In response to Father Alexander’s defamation suit, the defendants moved to dismiss the case, and to block discovery, based on the church-autonomy and ministerial-exception doctrines. But these doctrines usually apply in employment-discrimination cases. Father Alexander’s defamation suit, by contrast, is not about his employment. He seeks the same protections as anyone who has falsely had their name and reputation dragged through the mud in public. So extending these doctrines to Father Alexander’s claims would represent a substantial expansion of how most courts have applied them—just one of the many ways in which extremists have pushed to expand these doctrines to make religious entities entirely free from civil laws.

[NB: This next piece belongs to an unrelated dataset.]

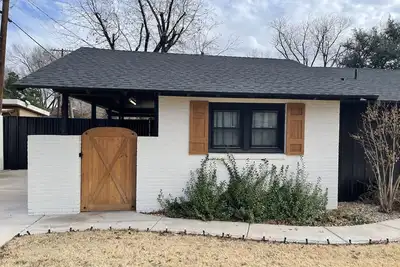 Image de Completely remodeled 1 bedroom guest house, close to Ttu and Hospitals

When the district court denied the defendants’ motion to dismiss and motion to block discovery, they immediately appealed to the U.S. Court of Appeals for the Second Circuit. But courts of appeals are not allowed to hear a case until the case is finally resolved by the district court. And the district court’s decision didn’t resolve the case. Quite the opposite: it simply allowed the case to proceed. Put simply, the defendants tried to skirt bedrock rules that everyone has to play by, which would make it prohibitively difficult to bring even strong, evidence-based claims against religious organizations—thus allowing them to play by different rules than everyone else.
Americans United took on Father Alexander’s representation on appeal. In late December 2021, we filed a brief on Father Alexander’s behalf in the Second Circuit. We argued, first, that because the district court’s orders were not final (and because of various procedural errors that the defendants made in the district court), the court of appeals did not have jurisdiction to take the case. Second, we argued that even if the appeals court somehow had jurisdiction, the church-autonomy and ministerial-exception doctrines did not bar Belya’s defamation claims. On March 7, 2022, AU Litigation Counsel Bradley Girard presented oral argument to the Second Circuit.
In an opinion issued on August 17, 2022, and revised on September 16, 2022, the Second Circuit unanimously agreed with us that it did not have jurisdiction, dismissed the appeal, and allowed the case to proceed in the district court. The Second Circuit also held that the church-autonomy and ministerial-exception doctrines are not jurisdictional bars that prevent courts from ever hearing disputes involving religious parties. The defendants then petitioned the full Second Circuit to rehear the appeal, which that court denied on February 8, 2023. On February 27, 2023, the defendants filed a petition with the U.S. Supreme Court asking it to review the case. And on May 1, 2023, Americans United filed a brief in the Supreme Court explaining why it shouldn’t take the case.